November 10, 2020
Masa Feature: Heirloom Blue Masa Harina (the wait is finally over!)
Have you ever tried to perfect something for months, maybe even years, but you could never get it just right? And then, when you finally did, you had a complete eureka (!) moment and you couldn’t be more excited about sharing it with others?
That is exactly how we feel here at Masienda HQ about launching our all new Heirloom Blue Corn Masa Harina. It has been years in the making!
Why has it taken so long, you ask? It boils down (pun intended) to color. Blue corn is sensitive to cal (calcium hydroxide) and without a neutral pH (for us, we aim for a pH of 7-7.5), the masa can either come out concrete gray or blue-green (and not in a fun, tie-dye tortilla sort of way). We were getting results on both sides of the spectrum and never felt that we had landed on a product that we were proud to share and that reflected the beautiful corn from which it was made.
We produced this first round of Heirloom Blue Corn Masa Harina using our farmer partner Armando’s heirloom Blue Cónico. Grown in the highlands of Atlacomulco in Estado de México, the cónico landrace (especially the blue varieties now endemic to the region) has long been coveted for its application to table tortillas. Armando maintains a 5 hectare milpa that has been in his family for five generations, which is as far back as he can personally trace. Armando almost exclusively uses blue cónico for his tortillas at home, citing a more tender texture than any other color varietal he grows. The color also translates to the most brilliant blue of any other landrace we’ve worked with. Its flavor and aroma are incomparable, and we’re thrilled with the texture and color that result when the dry masa harina is mixed with water.

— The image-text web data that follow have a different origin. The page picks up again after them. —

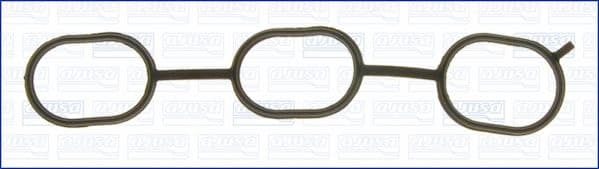 Gasket, exhaust manifold 01126900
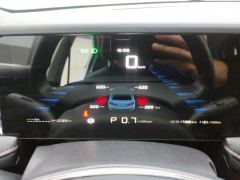 Roewe MG i5 1.5L CVT Luxury - ფოტო 20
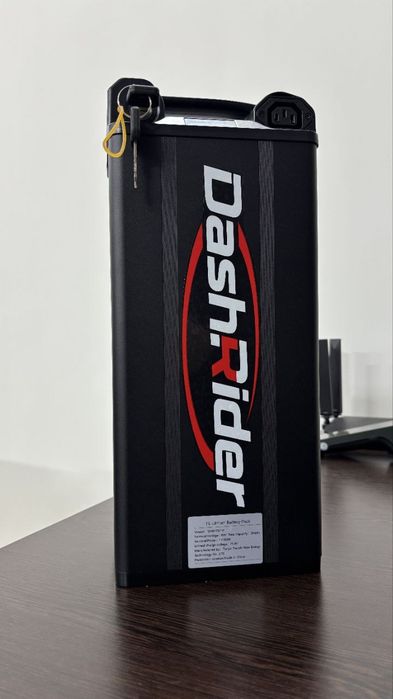Акомулятор DashRider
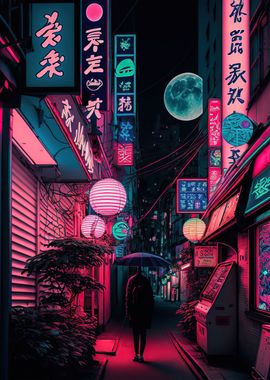 Tokyo neon 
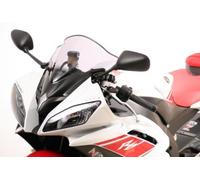 MRA Racingsscreen clear mit ABE YZF-R6 08-16 ABE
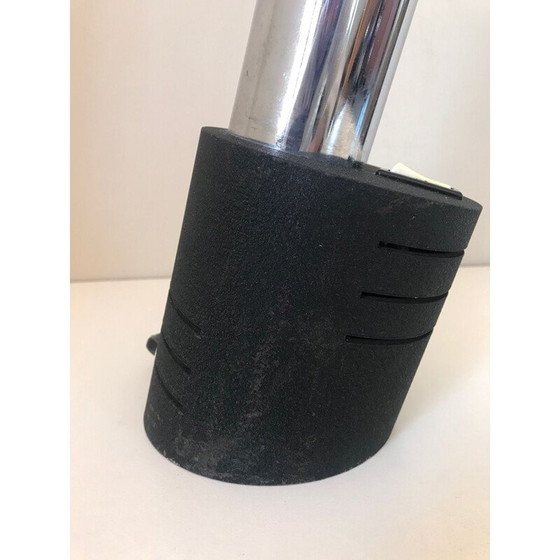 Image 1 of Schreibtischlampe von mario faggian, verchromt und flexibel, 1970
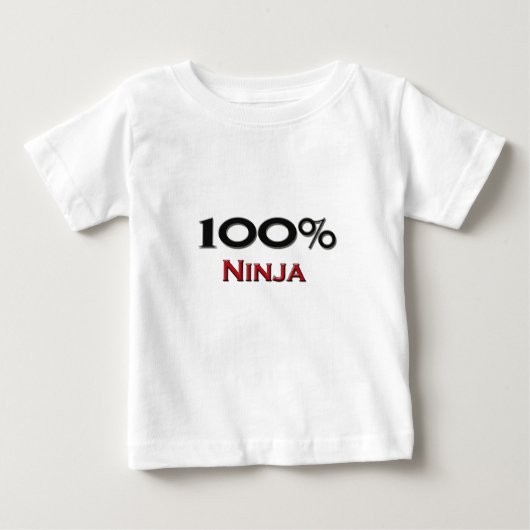 100 % Ninja (Voorkant)
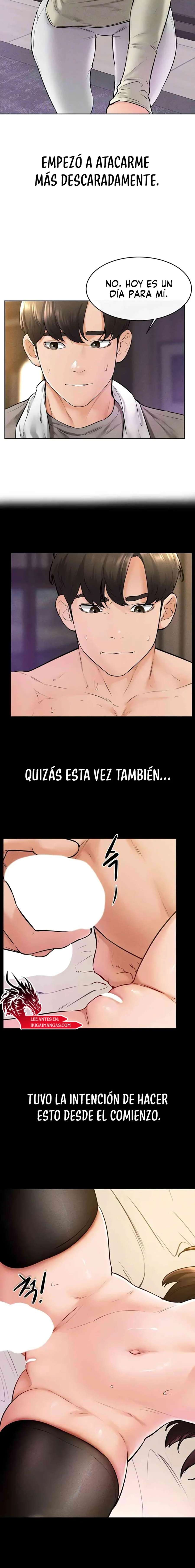 Mi nueva familia es muy amable. Capítulo 38 - Page 6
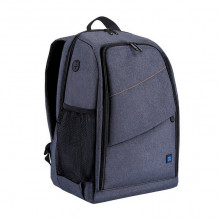 Waterproof camera backpack Puluz PU5011H (grey)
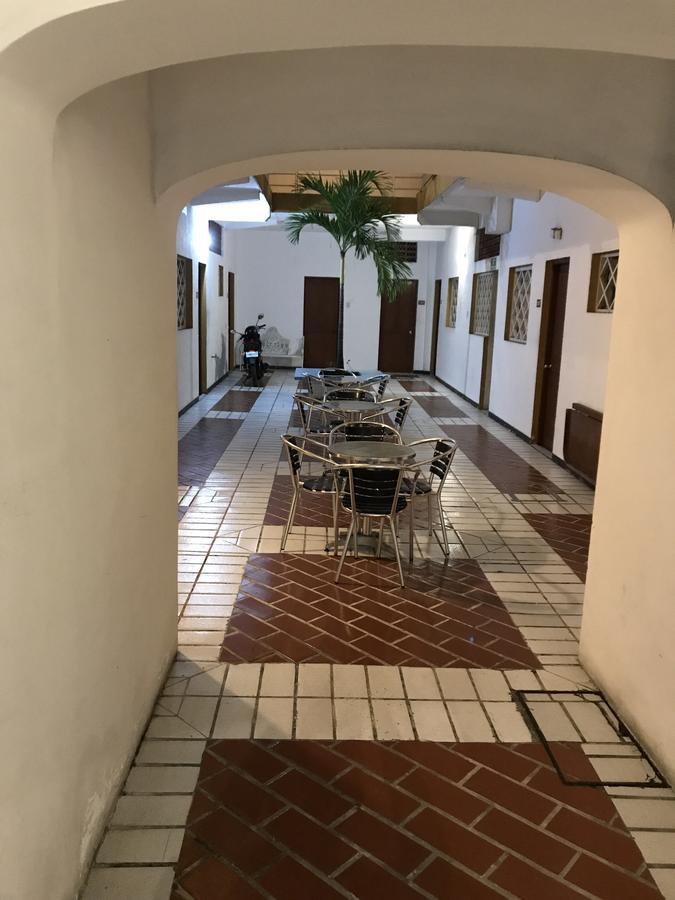 Hotel Playa Veracruz Ngoại thất bức ảnh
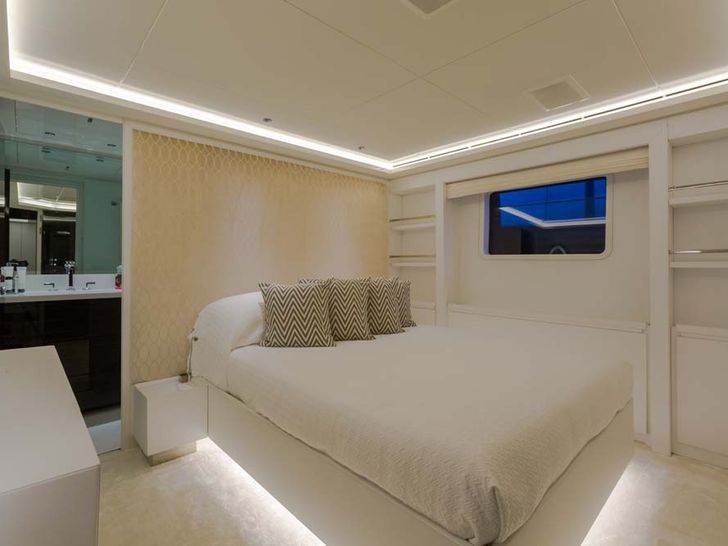 Port VIP cabin Port VIP cabin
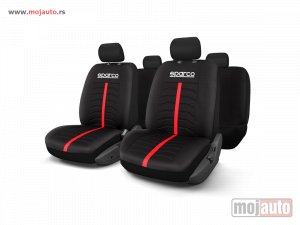 NOVI: delovi  Sparco presvlake 3 modela/3 boje uni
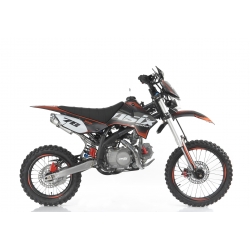 Asix Jaguar 125 17/14" Cross dla dziecka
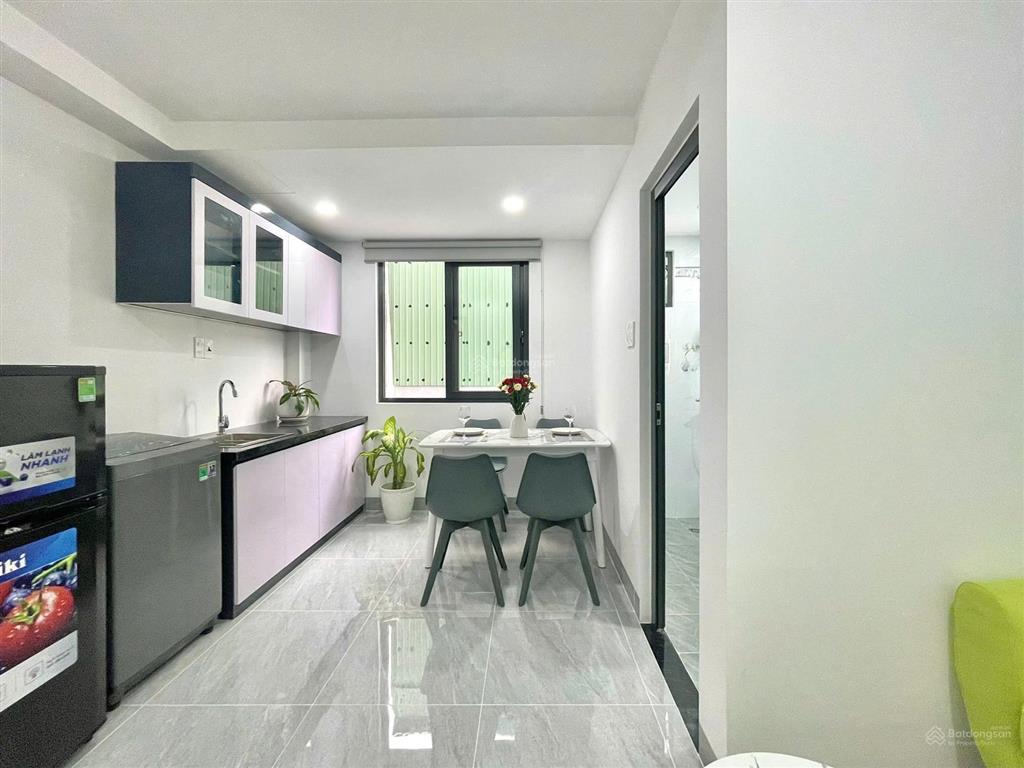 Hot!căn hộ 35m2,1pn, 1pb full nội thất mới 100% ngay trung tâm bình thạnh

Masa aroma: sweet, nutty, earthy
Masa texture: super soft (not the most descriptive, but certainly applicable)
We are excited to experiment with other blue landrace varietals over the coming year. Let us know if you have a suggestion or are excited about a particular varietal, we would love to hear from you in the comments! (Heirloom Blue Bolita or Chalqueño, anyone?)
There are so many delicious meals at your fingertips with this masa harina and we encourage you to explore a variety of recipes and shapes, ranging from beautiful, puffy table tortillas, to sopes, huaraches and tlacoyos.
Speaking of, if you ever find yourself between Mexico City and Toluca, be sure to stop by La Marquesa National Park. Just 20 miles outside of the city, the air is fresh and the sky is bright and I highly encourage you to eat at the stands that dot the highway. Blue masa is the star of the show at all of the eateries and I opt for a blue corn quesadilla filled with tinga de pollo or a blue corn huarache topped with chorizo verde (always served with a cafe de olla).